Today, we went to the big park with the younger ones so there were 7 in total.  We had a lovely time playing on the swings and the slide, and then we took the group over to the lake to look at the people fishing. On the way home, I had walked ahead with one of the lads and I got a call to say that Dinesh had sat down on the side of the road and wouldn't move and kept saying that he wanted gum (this means glue here and we know that he did sniff glue when he was on the street, so unsurprisingly he is suffering from withdrawal) so I dropped my boy off and went back to where everyone else was.  Now you know me and I'm not for any messing around so I picked him up and started walking!  I just wanted to get him home, but he wouldn't move so I put him down and again, he refused to move, so a local taxi driver, who was watching the spectacle, offered to drive us home.  I've never been so relieved!  We put him in the taxi with us and he shut up instantly and was too busy looking out of the window watching the world go by to make a fuss.  What a cheeky monkey!  I feel battered and bruised and I'm hoping for a less eventful day tomorrow, although, that could be hoping for too much as we're going out on the peddle boats!!!

Other than that, I've had a gorgeous pizza for my dinner and brought some home for the dog, Rex.

I hear from my mum and dad that it's starting to get cold in the UK.  I'm really going to feel that difference when I get back.  At the moment it's about 25-30 degrees here and absolutely roasting.  I have got a 'Nepali' tan, which basically consists of a tanned face and neck and arms.  Everything else is still as white as anything!

I'll let you know how tomorrow goes, wish me luck!!!

Elinor xxx

11th October.

So who bet that Dinesh would run away?  Well, if you did, you were right!
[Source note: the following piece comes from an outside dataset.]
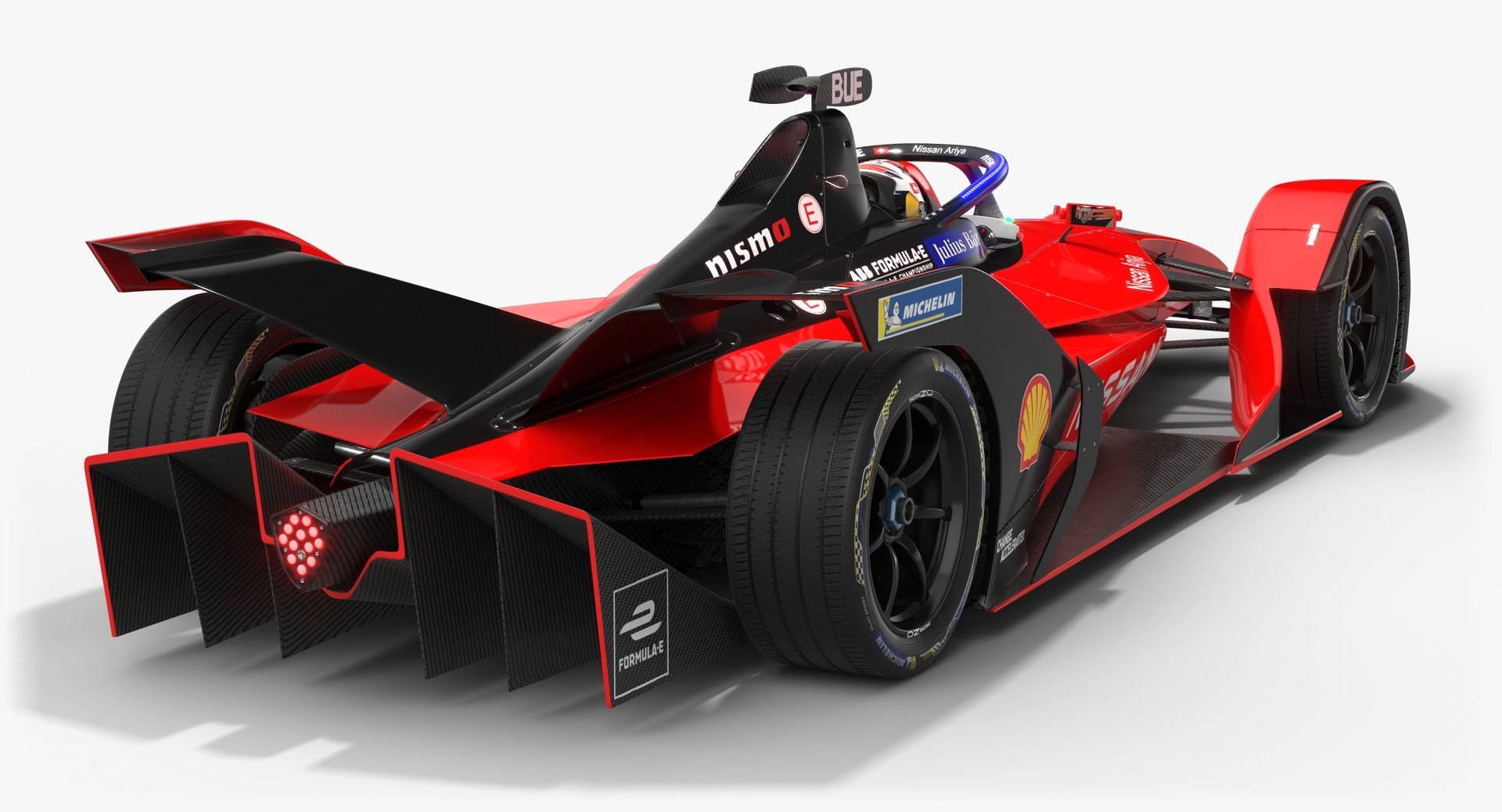 Nissan edams IM03 Formula E Season 2021 2022 3D https://p.turbosquid.com/ts-thumb/tN/AcsLjq/HM/prev02/jpg/1639726397/1920x1080/fit_q87/12b85396ed90e1332d314974cc46b84442249608/prev02.jpg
We had a great day on the peddle boats on the lake yesterday and on the way back we stopped for momo's and Chrissy's partner Maila, who is Nepali, came in to say hello and to speak to Dinesh about why it is a good thing for him to be at the street kids centre and whilst he was trying to chat to him, he scarpered!  We tried to find him but he was gone.  Ama (the mum) was a little bit beside herself and Chrissy was not happy with Maila as he was supposed to help, not make things worse!

Not to worry though, later on that day Chrissy found him down by the lake and took him back to the centre, so we have Dinesh back and Maila has redeemed himself somewhat :-)

Today is a relatively easy day for us.  We go up into the mountain orphanage this afternoon (Asha) for a couple of hours and some of the children will be gone for the festival so we're expecting a quiet couple of days.

Elinor xxx

14th October.

Hi everyone,

Well, since I last checked in with you, it has been an eventful few days (when is it not?!) 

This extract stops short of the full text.